Reinforcement Learning for Legal Drafting

Reinforcement learning involves recording user activity to implement a self-improving system. For example, if a user rejects a suggestion made by a language model, it records the output and assigns a negative score to it. And vice versa for a useful suggestion.

A reinforcement learning system for document drafting optimizes for the probability of making a suggestion that is accepted by the user (and is therefore, probably, useful). It reverse-engineers what makes a suggestion likely to be accepted, rejected or modified using the relevant data. Critically, it should also know when not to make a suggestion.

Reinforcement learning can be used to make legal drafting more adaptive. Over thousands of interactions, the system learns to prioritize the phrasing and structure that align with the drafting standards, which correspond to (or, are weighted by) the practice area, jurisdiction, and type of document that is being drafted.
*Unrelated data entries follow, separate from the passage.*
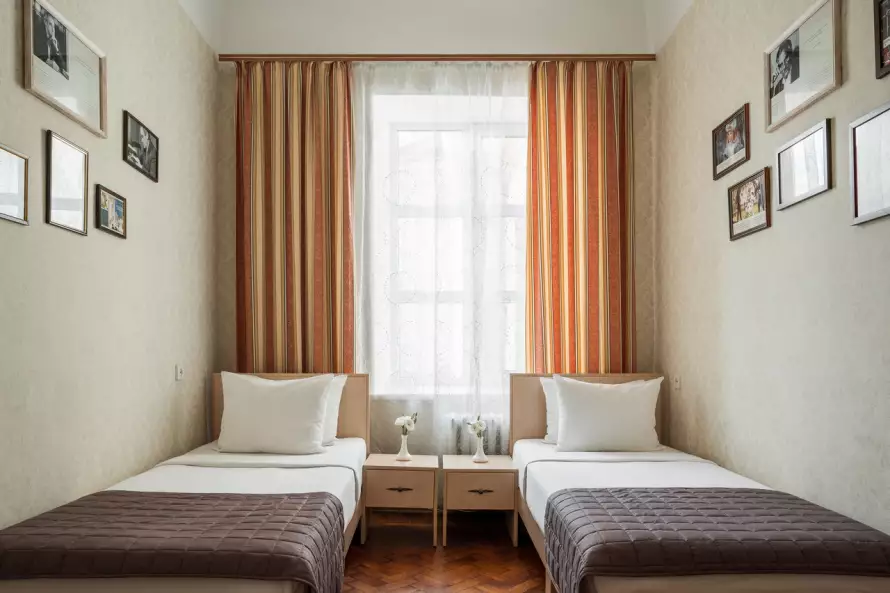 Rooms Literature Odessa, Hotel Tsentralnaya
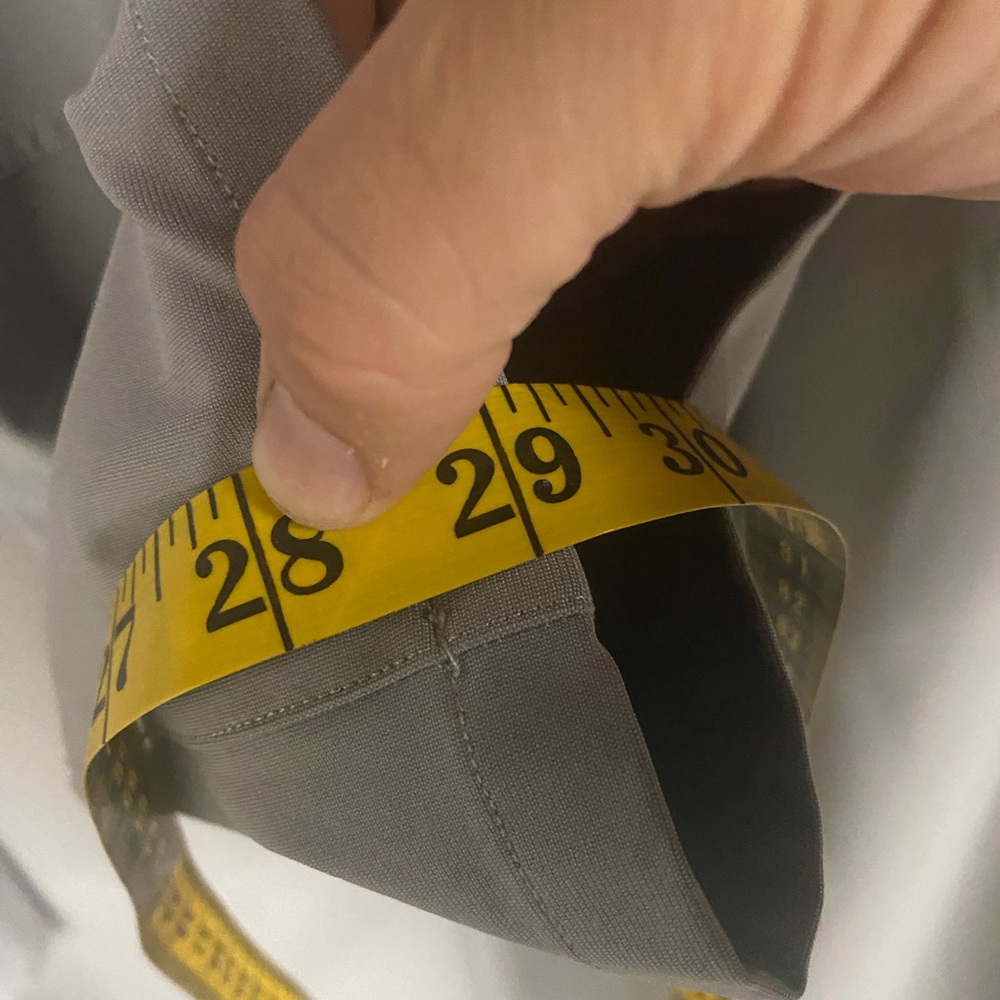 Lululemon Men's Gray Pants - Picture 6 of 6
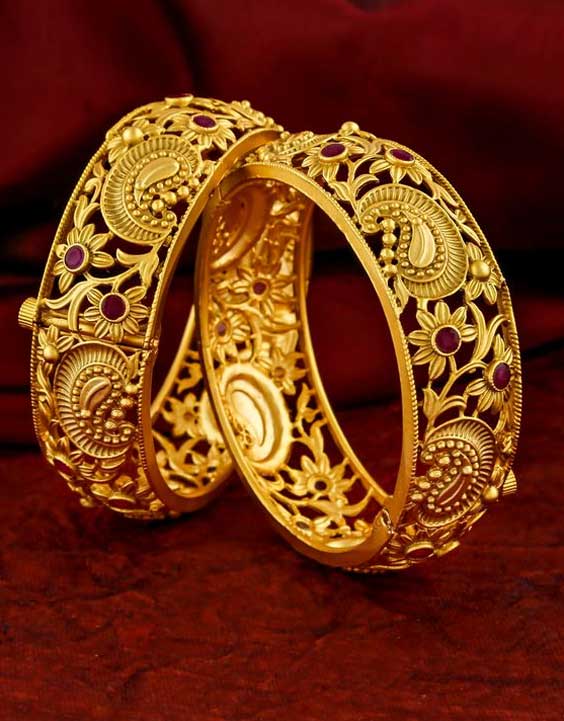 Paisley Pattern Broad Bangle Design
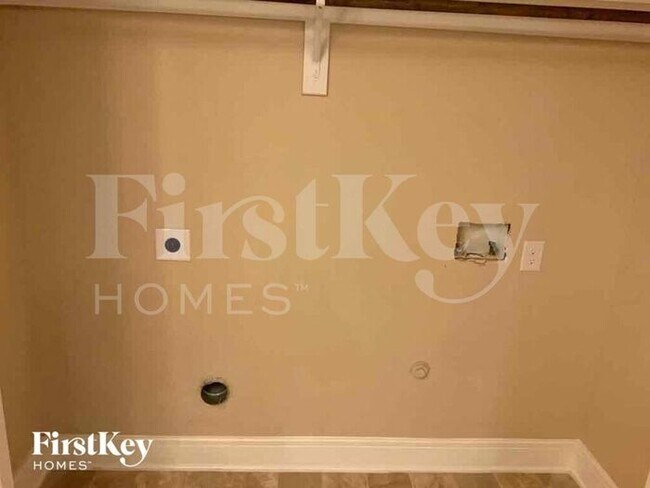 Building Photo - 607 Lentisco Dr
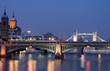 night shot of the thames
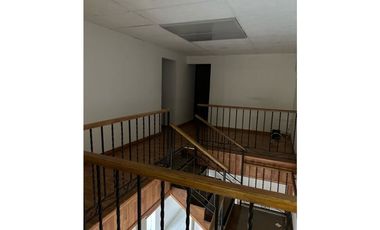 Amplio local en primer piso y dos niveles para oficinas en ARRIENDO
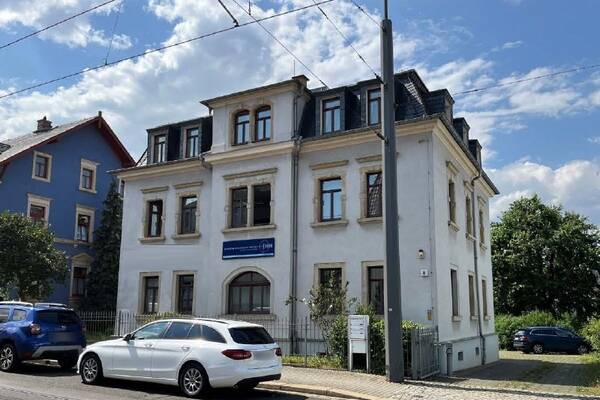 Zwei sanierte B&uuml;rogeb&auml;ude!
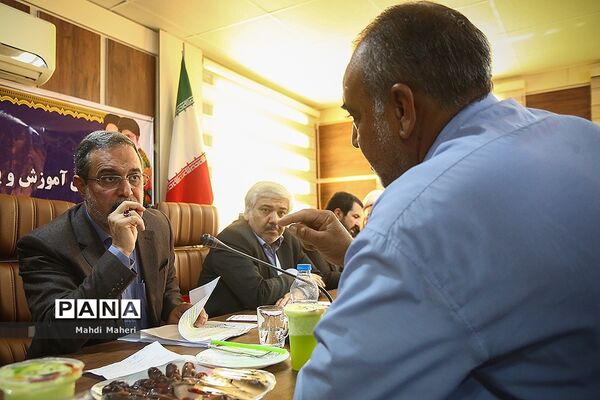 بازدید وزیر آموزش و پرورش از پروژه‌های عمرانی استان کرمان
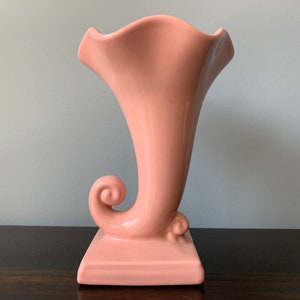 Vintage Abingdon Pottery Vase Cornucopia Horn of Plenty Pink Pottery Ceramic #565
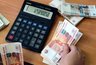 Миниатюра новости: Согласно прогнозу зарплата в России повысится до 63 тысяч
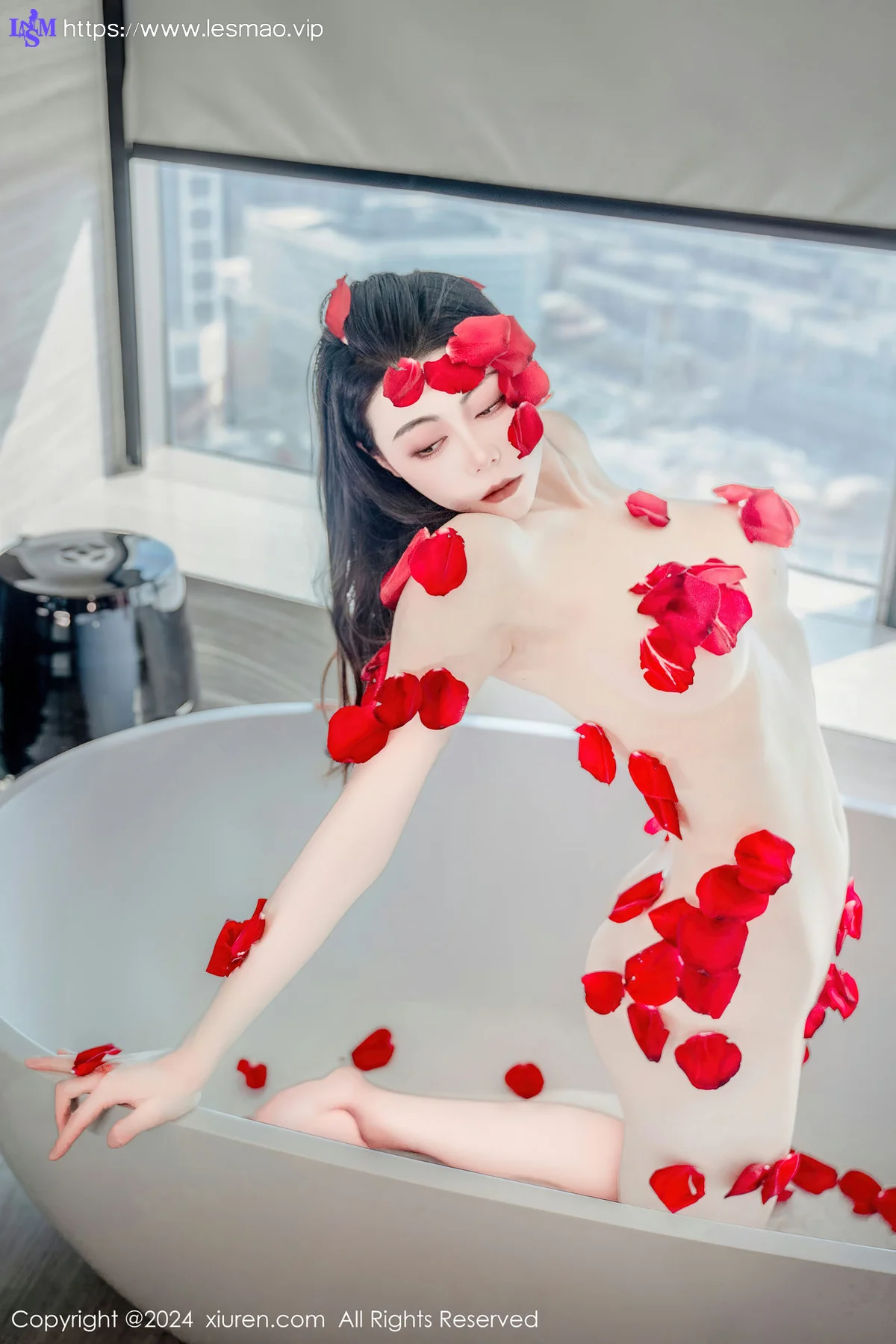 XiuRen 秀人 No.8175  瑜伽喵 柔韧献花热舞性感写真 - 52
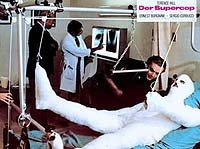 Image from: Poliziotto Superpiù (1980)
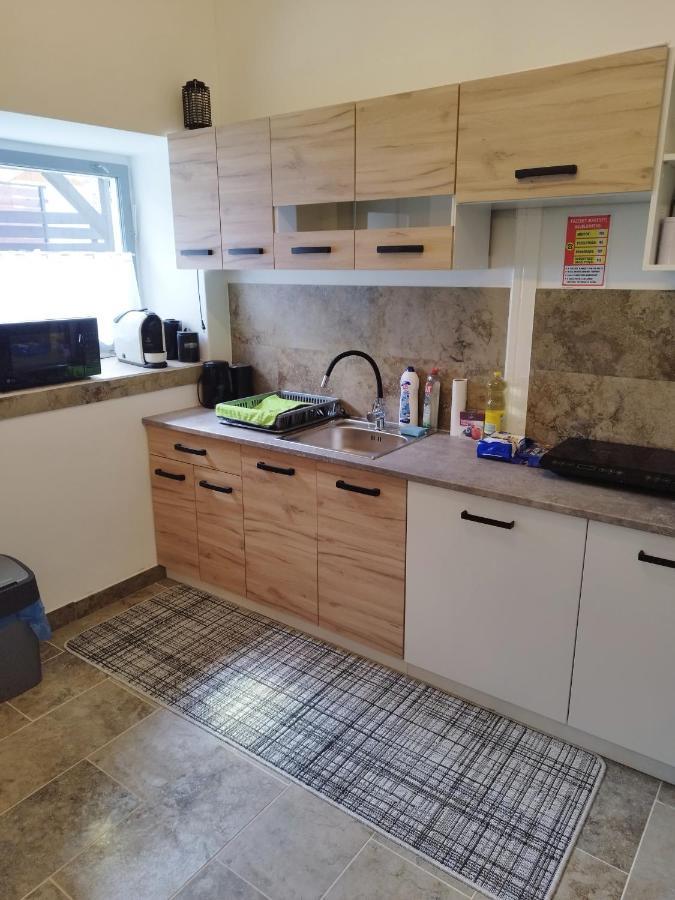 Holling Apartman Fertoboz ภายนอก รูปภาพ
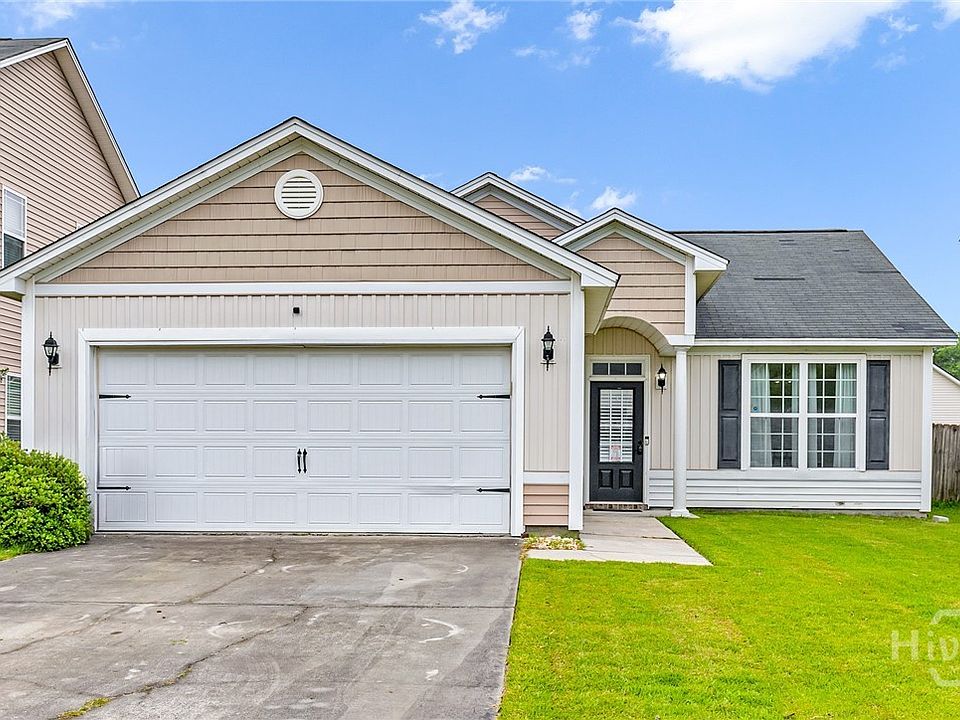 1st image of 69 Chapel Lake Dr N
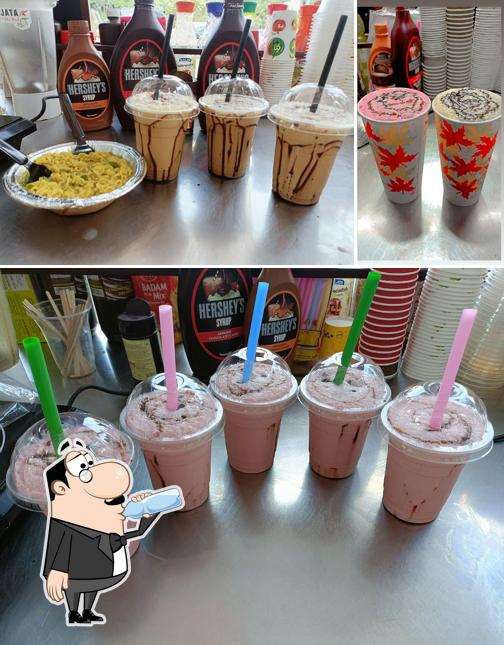 Among different things one can find drink and dessert at Qureshi Coffee shop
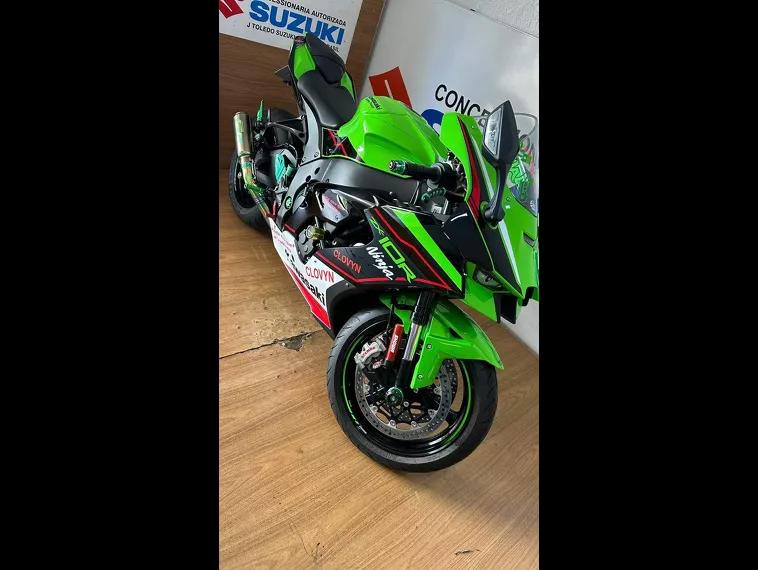 Kawasaki Ninja Verde 5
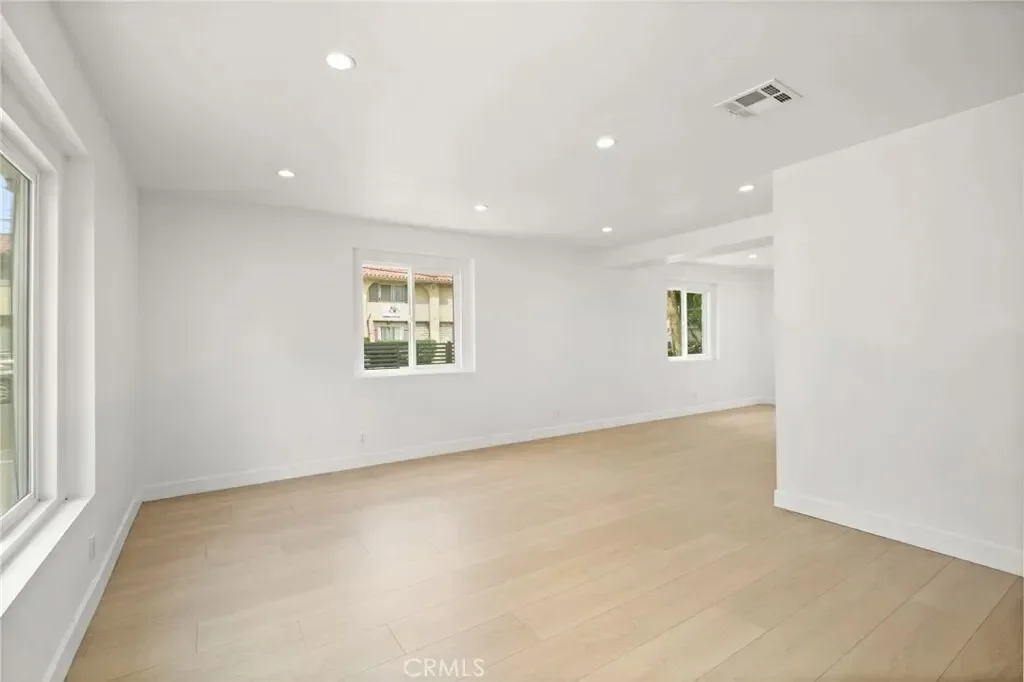 Gallery photo 12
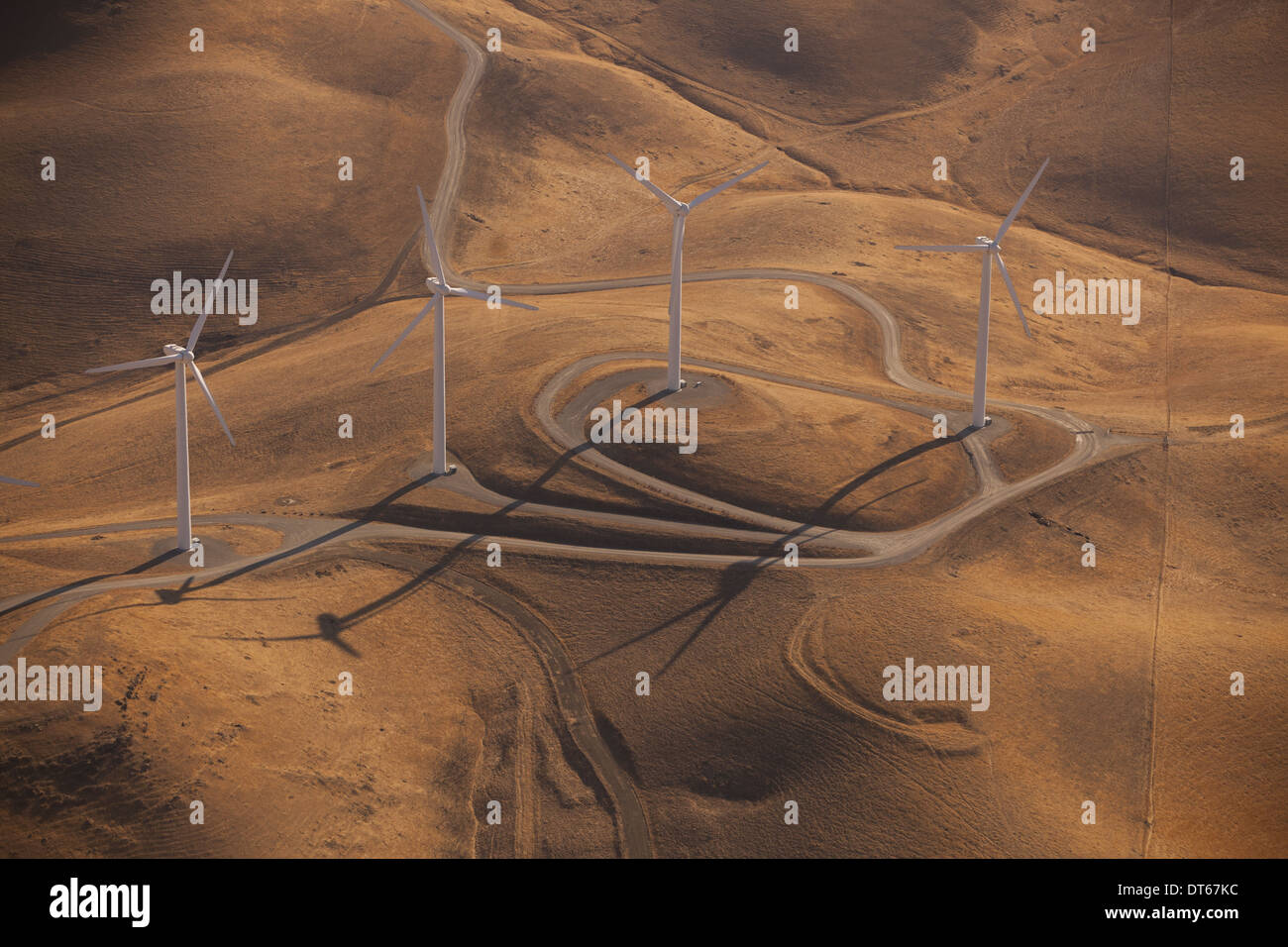 I generatori eolici attraverso il paesaggio a Altamira Pass, California Foto Stock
This ensures that our suggestions intrinsically incorporate these details, rather than relying on being able to detect all relevant context, and cram it into a language model input.

To tweak the output, the language model workflow needs adjustment. You can directly train the model, or "fine-tune" it, and this can improve performance for specific tasks. However, this can also lead to a loss of general performance in other areas, and a very large quantity of data is required to effectively train the frontier models used for most tasks.

Reinforcement learning can tune for macro characteristics (like practice area), or micro characteristics (like the drafting style of an individual). In either case, reinforcement learning can significantly improve the alignment of our language model output, and is a major step towards a custom solution for legal document drafting.